摘要
分子印迹聚合物通过在模板分子存在的情况下功能单体与交联剂的共聚合进行制备,将模板分子去除后,可形成与模板分子在空间结构上相匹配的的三维孔穴,因此可特异性地吸附模板分子及其结构类似物,被称为“人工抗体”。将分子印迹聚合物作为固相萃取吸附剂,可改进传统吸附剂特异性差的不足,在特异性保留目标物的同时,有效地去除干扰物,因此分子印迹-固相萃取技术成为一项简单高效的样品前处理技术。
本实验以喹诺酮类抗生素诺氟沙星作为模板分子,采用沉淀聚合法制备了分子印迹聚合物,依次优化了功能单体、交联剂等制备条件,获得了对诺氟沙星具有特异性吸附能力的分子印迹聚合物,然后对其进行了性能表征,最后将诺氟沙星分子印迹聚合物用于喹诺酮类抗生素的固相萃取研究,并优化了固相萃取条件。具体实验结果如下:
一、采用沉淀聚合法合成了一系列诺氟沙星分子印迹聚合物,通过印迹因子的比较,依次优化了致孔剂、功能单体的种类、功能单体与模板分子的比例以及交联剂的种类和用量,得到了对模板分子具有最优的特异性吸附能力的分子印迹聚合物。其制备条件是:将模板分子诺氟沙星0.32 g、功能单体MAA 4 mmol、交联剂EGDMA 10 mmol、引发剂AIBN 40 mg溶于60 mL甲醇,60℃反应24 h。在此条件下制备的分子印迹聚合物对四种喹诺酮类抗生素(诺氟沙星、环丙沙星、沙拉沙星、双氟沙星)的印迹因子分别为3.17、3.29、3.33、2.84。

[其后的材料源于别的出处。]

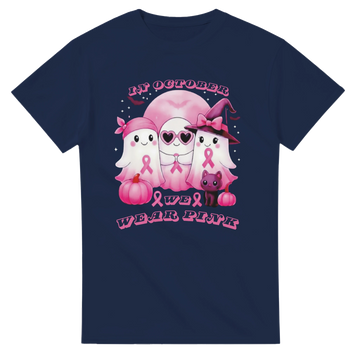 27909073-6c6a-4f0e-a304-13bd55025927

二、采用一系列方法对最优分子印迹聚合物进行了性能表征:色谱评价结果表明分子印迹聚合物对模板分子及其结构类似物具有特异性吸附能力;前沿色谱实验求得分子印迹聚合物的亲和位点总数为12.08μmol/g;通过扫描电镜观察,聚合物微粒较规则;最后通过红外光谱实验证明了分子印迹聚合物与模板分子之间存在氢键作用力。
三、将最优分子印迹聚合物用于固相萃取研究,依次优化了上样、淋洗和洗脱条件,最佳的固相萃取条件为:将乙腈作为上样溶剂、3 mL乙腈/水(88/12, V/V)混合溶液进行淋洗,3 mL 5%乙酸乙腈(V/V)/水(86/14, V/V)混合溶液进行洗脱,在此条件下,以4 mL 1.25 mg/L喹诺酮类抗生素混合溶液(诺氟沙星、环丙沙星、沙拉沙星、双氟沙星)上样,回收率依次为96.92%、97.49%、56.75%、0.00%。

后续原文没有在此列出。